Strawberry tea can have antiseptic qualities. …

If you have allergies and also suffer from hypertension, be careful about taking any over-the-counter medication to relieve sinus pressure. Products containing a decongestant formulated with pseudoephedrine or phenylephrine can elevate the blood pressure. …

Chamomile is rich in natural anti-inflammatories that calm summer irritated or sensitive skin. …

Drinking four cups of green tea a day can help stop the signs of aging.
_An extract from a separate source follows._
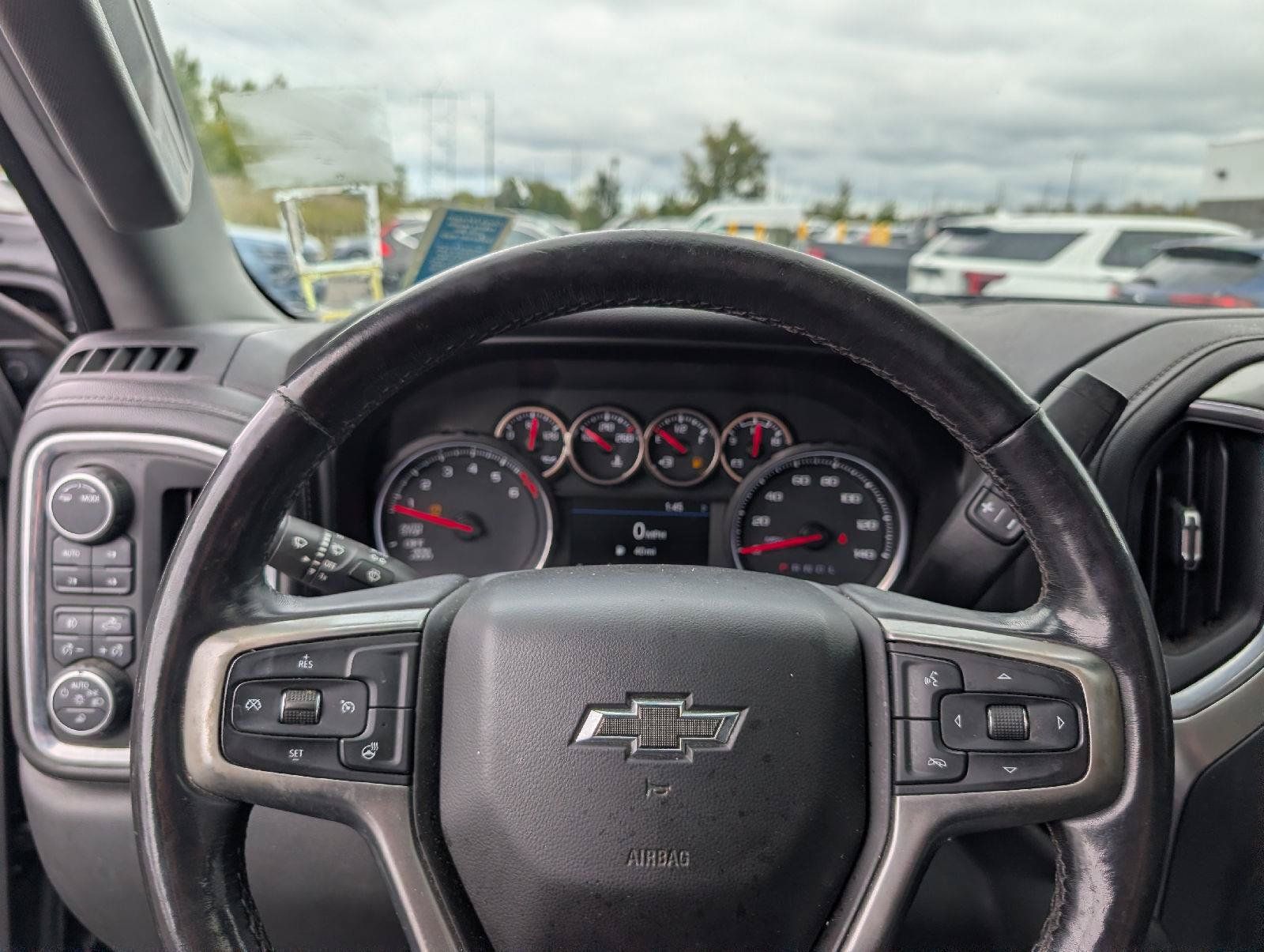 Used 2021 Chevrolet Silverado 1500 LT Trail Boss w/ Convenience Package II AWD/4WD image 16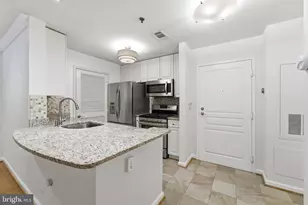 5563 Seminary Rd, Falls Church, VA 22041 - Photo 4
Studies have shown that its antioxidants can prevent wrinkles. A Boston University School of Medicine also found that green tea reduced cancerous breast tumors in rats.

Around town

Sports psychologist Dr. John Murray is hitting the airwaves this week.

Murray, whose Web site Mental Equipment has been rated as one of the top 10 sports sites on the Internet, will make his debut on WAXY this week. Murray’s Mental Equipment radio program will air every Wednesday, from 10:30-11 a.m. on 790-AM.

Murray is a former international tennis professional and author of Smart Tennis: How to Play and Win the Mental Game. He is a sport psychologist for professional and Olympic athletes, and co-founder of Corporate Executive Insight which provides workshops, executive coaching, and consulting services to help executives and corporations achieve greater success.

After traveling around the world as an international tennis coach, Murray began to see a pattern. He recognized that “performance involves far more than skill.” He began to see that the most important, and often overlooked, factor to achieve success was not a strong body or talent, but rather the power of the mind. Murray’s talks center around self-confidence, controlling energy and achieving set goals in any and all areas of life.